According to the ALP, prisoners with HIV are stigmatised, often verbally and physically abused and denied adequate medical treatment, including counselling.
Correctional Services policy is to separate prisoners with HIV at night. (In the case of Johannesburg Prison, prisoners with HIV are housed permanently in single cells.)
This, believes the ALP, is a misinformed and unfortunate violation of a person’s right to confidentiality. Separating prisoners with HIV from the rest immediately informs other inmates of their medical condition, exposing them to abuse.
The Department of Correctional Services has a inconsistent policy when it comes to testing. Those considered to be “high risk” — including illegal aliens, known homosexuals, sex workers and drug addicts — are tested on admission.
Implicit, argues the ALP, is the assumption that there is such a thing as an “HIV profile”, when in fact anyone can have the virus.
Prisoners who work in the kitchen are also tested. This, says the ALP’s Zackie Achmat, is irrational and medically unjustified.
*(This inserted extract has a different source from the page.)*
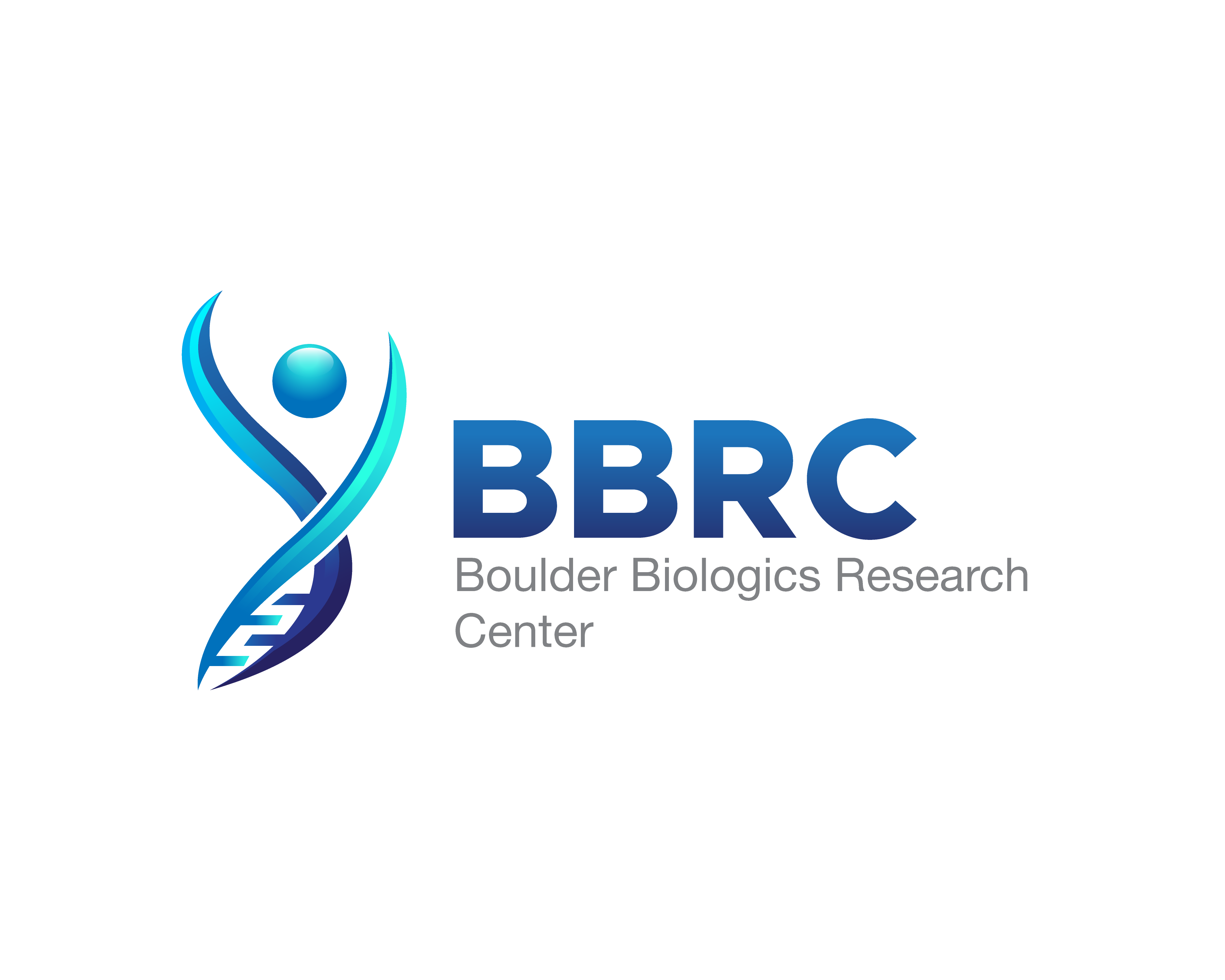 Logo Design by Zbiz for Boulder Biologics, LLC | Design #36766581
As of January last year, 249 prisoners were found to be HIV- positive — 0,2 percent of the prison population. Former minister of Correctional Services Adriaan Vlok said in parliament last March: “If the present trend continues, by the year 1995 one in 15 prisoners will be HIV-infected. In order to counter this trend, various campaigns have been launched to combat Aids in South African prisons.”
According to a guideline brought out by the department in September 1992, “informed consent” must be obtained from the prisoner before a blood test is taken and “pre-test counselling” must be given. However, inmates of Johannesburg Prison deny that these procedures have been followed.
The department also states that “this information is at all times considered strictly confidential”. The policy of separation contradicts this.
In British prisons, where condoms will soon be available, only the treating doctor is informed if a person tests positive, and HIV-positive prisoners are not separated. Similar policies are being adopted in many other European countries and some American states.
Organisations like ALP are lobbying Correctional Services to make condoms available in prisons here. Presently, the department refuses to do so on grounds that sodomy and homosexuality are illegal. However, all legislation outlawing these practices will be challenged, probably successfully, under the new constitution.